Per il pubblico ministero Roberto Terzo (che ne ha chiesto la confisca) si tratta di un prezioso dipinto del celebre pittore veneziano Vittore Carpaccio, artista nato nel 1465 e morto 1525. Un’opera - per la Procura - che, dunque, non può lasciare l’Italia e che invece un antiquario veneziano vorrebbe esportare negli Stati Uniti, per una esposizione.

Attorno a questo dipinto si sta svolgendo un braccio di ferro giudiziario, che non si è ancora risolto e che vede coinvolta anche la Soprintendenza di Venezia.

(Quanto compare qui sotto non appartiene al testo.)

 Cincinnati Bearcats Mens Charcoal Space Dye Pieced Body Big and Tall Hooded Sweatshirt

La versione del gallerista veneziano - così come la rappresenta l’avvocato difensore Tommaso Bortoluzzi - è che il dipinto sia stato regolarmente importato temporaneamente dall’Austria in Italia nel 2011. La Procura, da parte sua, contesta che - in quell’occasione - il quadro venne presentato come un semplice dipinto di scuola veneziana e valutato solo 10 mila euro: una cifra ben inferiore al suo valore. La Sovrintendenza, d’altra parte - sostiene sempre la difesa - ha rinnovato per due volte l’importazione temporanea del dipinto, nel 2016 e nel 2021, senza porre ostacoli.

Nel frattempo, però, quel quadro di “ scuola veneziana” viene certificato come un’opera di Vittore Carpaccio. Un salto di qualità e valore enorme.

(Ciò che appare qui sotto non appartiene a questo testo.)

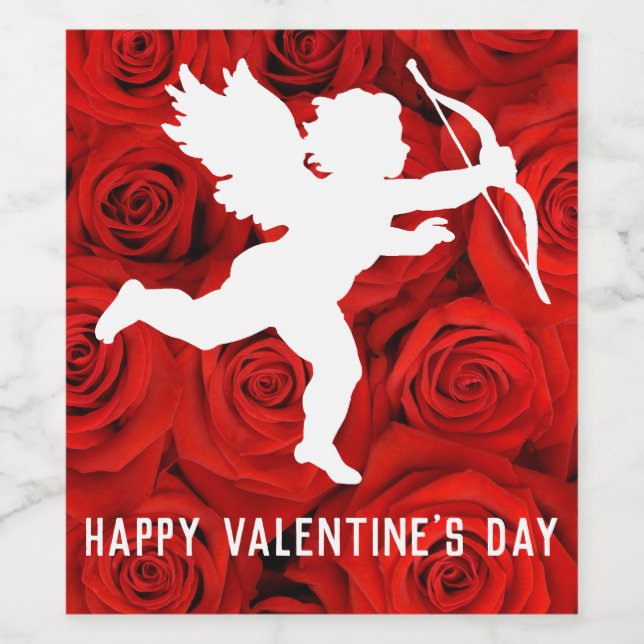 Étiquette Pour Bouteilles De Vin Saint Valentin Cupidon et Roses rouges (Étiquettes simples)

Il dipinto salta all’attenzione della Procura quando nel 2023, il gallerista chiede l’autorizzazione per esportare il dipinto temporaneamente negli Stati Uniti perché sia esposto in una mostra (assicurandolo per un milione di dollari).

A questo punto, però, un’esperta della Soprintendenza dichiara di aver visto lo stesso dipinto in Italia negli anni Sessanta e così scatta la denuncia per esportazione abusiva: dall’Italia all’Austria, da dove poi è ritornato nel 2011. In prima battuta è la stessa Procura a chiedere l’archiviazione dell’antiquario, perché il reato di esportazione illegale è ormai prescritta, ma chiede la confisca dell’opera.

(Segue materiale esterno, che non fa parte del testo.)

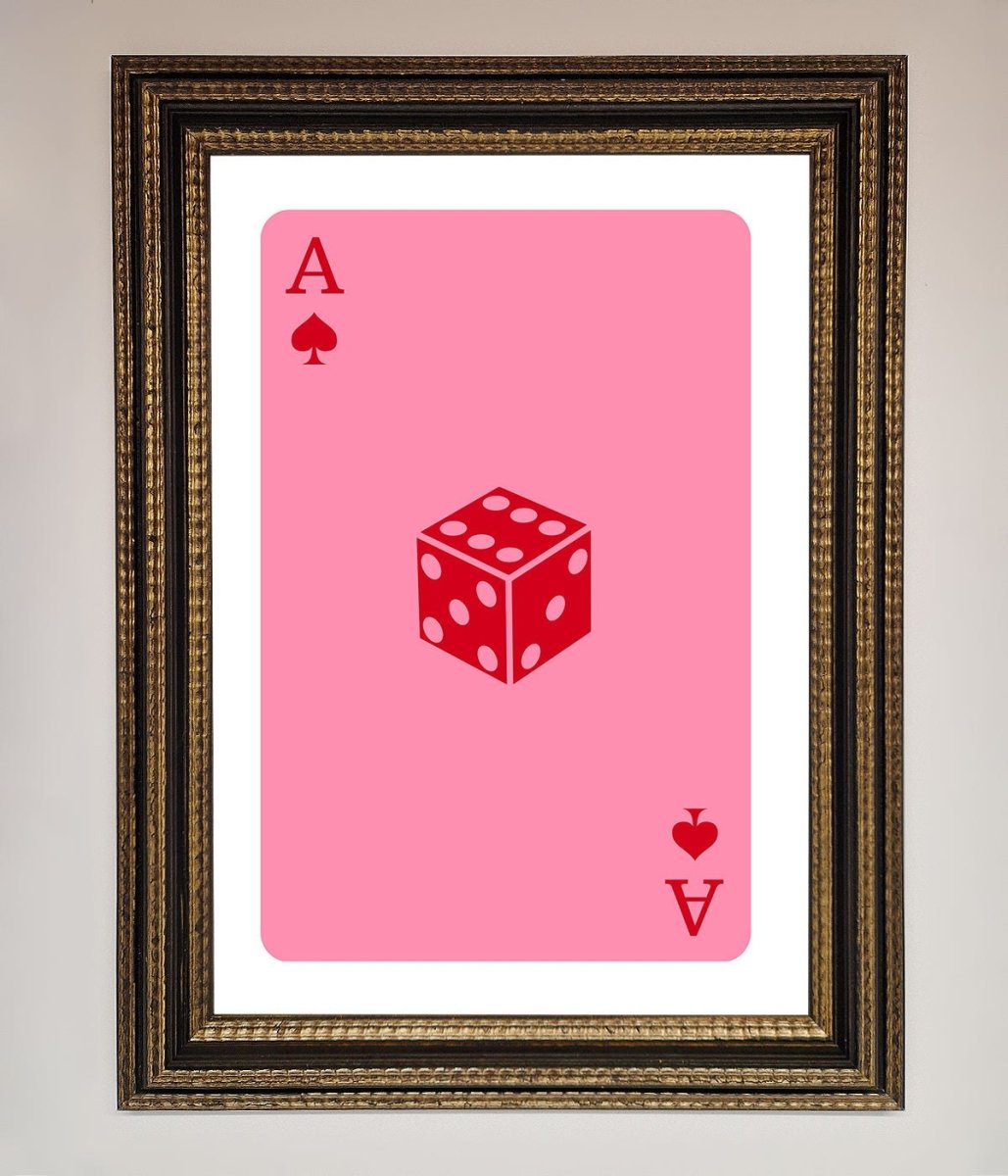 Ace Of Spades Poker Pink Framed Wall Art - Zestio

La giudice per le udienze preliminari Ardita archivia e nega la confisca sostenendo che non vi sia prova che sia stato l’antiquario, ora proprietario, ad esportare il dipinto in maniera illecita.

La richiesta di archiviazione non era stata però notificata alla Sovrintendenza e così si arriva alla decisione presa ieri dal giudice Marco Bertolo, che ha disposto che gli atti tornino alla Procura affinché chieda nuovamente archiviazione, ma avvisando anche il sovrintendente, che potrà - se vorrà - opporsi e chiedere la confisca del prezioso dipinto rendendolo al patrimonio pubblico.